Industri tekstil Indonesia kembali diguncang oleh krisis yang semakin mendalam. Lebih dari 3.000 karyawan PT Sri Rejeki Isman Tbk (Sritex) terpaksa dirumahkan, sebuah angka yang meningkat sejak putusan pailit yang dijatuhkan oleh Pengadilan Negeri (PN) Semarang pada Oktober lalu. Sebelumnya, jumlah pekerja yang dirumahkan baru mencapai sekitar 2.500 orang.
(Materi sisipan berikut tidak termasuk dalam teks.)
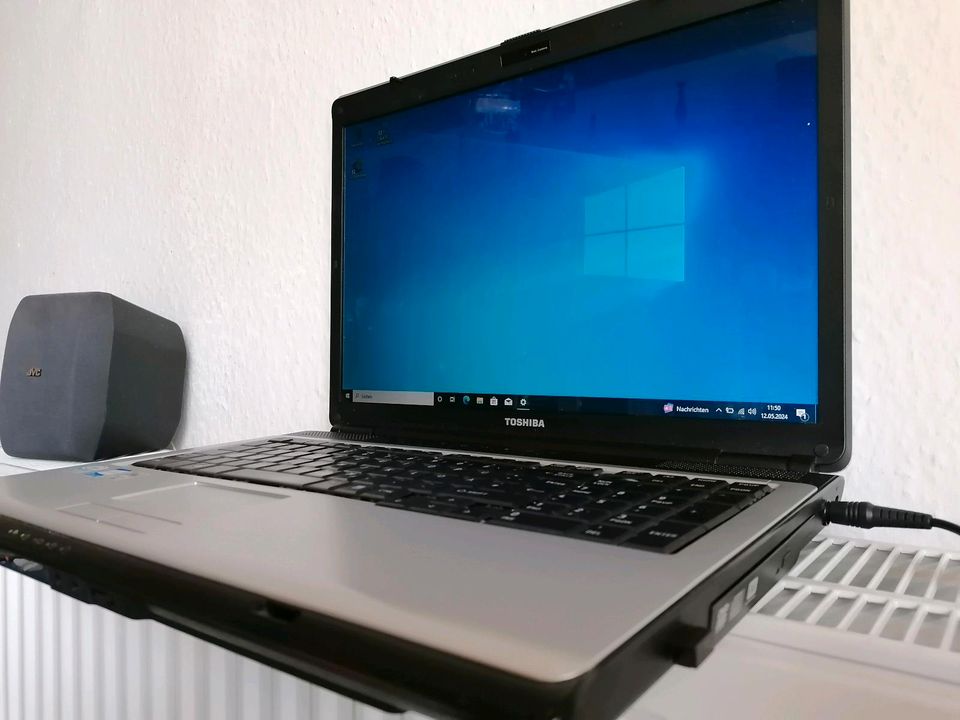 Laptop Toshiba Windows 10 Professionel 17,3 Zoll in Stolpen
Koordinator Advokasi Serikat Pekerja Sritex, Slamet Kaswanto, menjelaskan bahwa penambahan jumlah karyawan yang dirumahkan disebabkan oleh krisis bahan baku produksi yang semakin parah. Akibatnya, beberapa kegiatan produksi harus dihentikan sementara. "Pekerja yang dirumahkan sekitar kurang lebih 3.000 orang, karena bahan baku produksi sudah habis dan belum bisa melakukan aktivitas produksi," ujar Slamet dalam keterangan tertulisnya pada Selasa (10/12/2024).
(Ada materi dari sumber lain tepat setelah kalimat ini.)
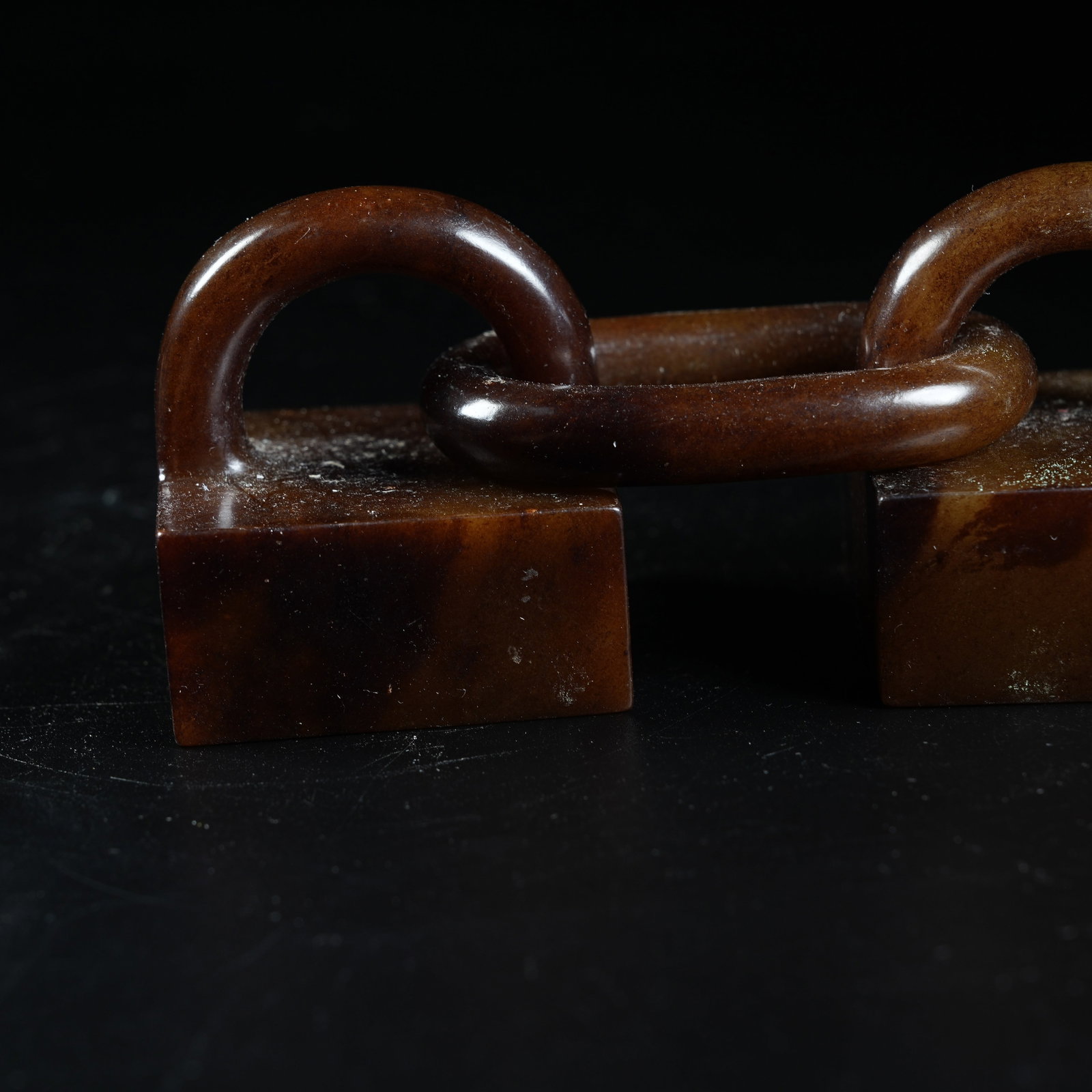 A ANCIENT JADE DOUBLE LINKED SEALS - 6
Masalah ini diperburuk dengan belum adanya kejelasan terkait kesepakatan mengenai kelangsungan usaha atau going concern antara pihak pengusaha dan kurator. Kesepakatan ini menjadi sangat penting untuk memastikan operasional perusahaan tetap berjalan dan para karyawan bisa kembali bekerja. Slamet juga menambahkan bahwa keputusan ini berkaitan dengan arahan dari Presiden Prabowo Subianto yang sebelumnya meminta Sritex untuk tidak melakukan pemutusan hubungan kerja (PHK) karyawan.
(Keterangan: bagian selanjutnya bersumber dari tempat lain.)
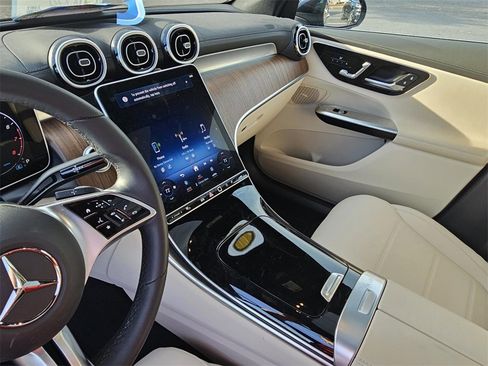 Certified 2024 Mercedes-Benz GLC 300 GLC 300 image 21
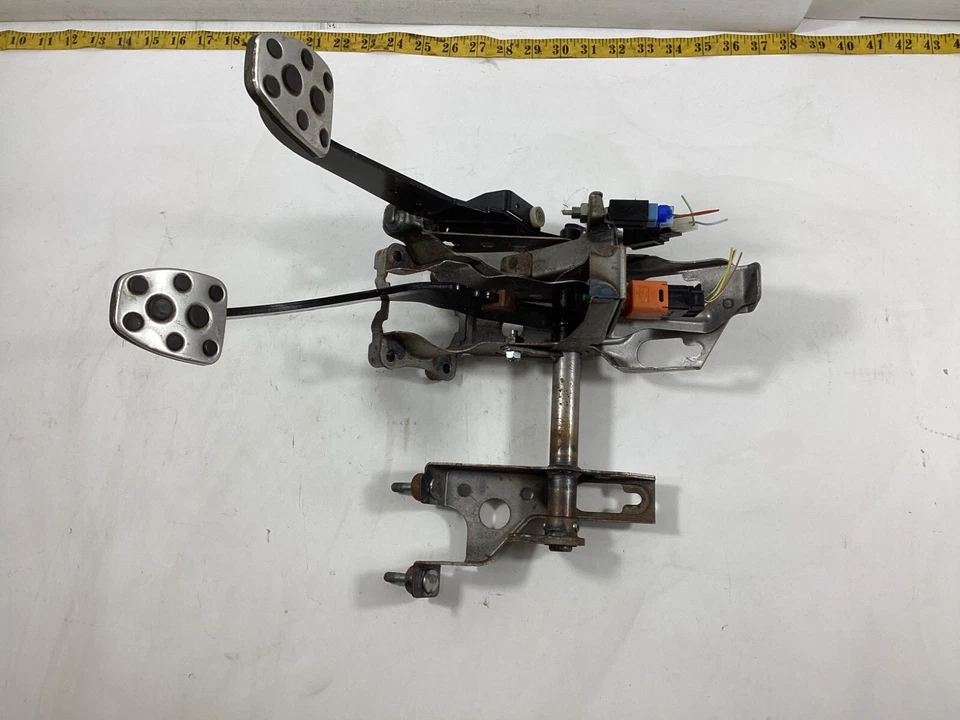 2015-2021 SUBARU WRX STI montaje de pedal de embrague de freno OEM. Foto 1 de 4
Dalam upaya untuk membatalkan putusan pailit, pihak manajemen Sritex telah mengajukan kasasi ke Mahkamah Agung (MA). Namun, meskipun pengadilan meminta kurator dan hakim pengawas yang ditunjuk untuk memberikan izin going concern, hingga kini belum ada kesepakatan yang tercapai. Hal ini menciptakan ketidakpastian bagi nasib para pekerja, sementara bahan baku yang diperlukan untuk produksi terus menipis.

"Sejak kurator diberi waktu oleh hakim pengawas, belum juga mendapatkan kesepakatan bersama untuk melakukan going concern ini," tambah Slamet.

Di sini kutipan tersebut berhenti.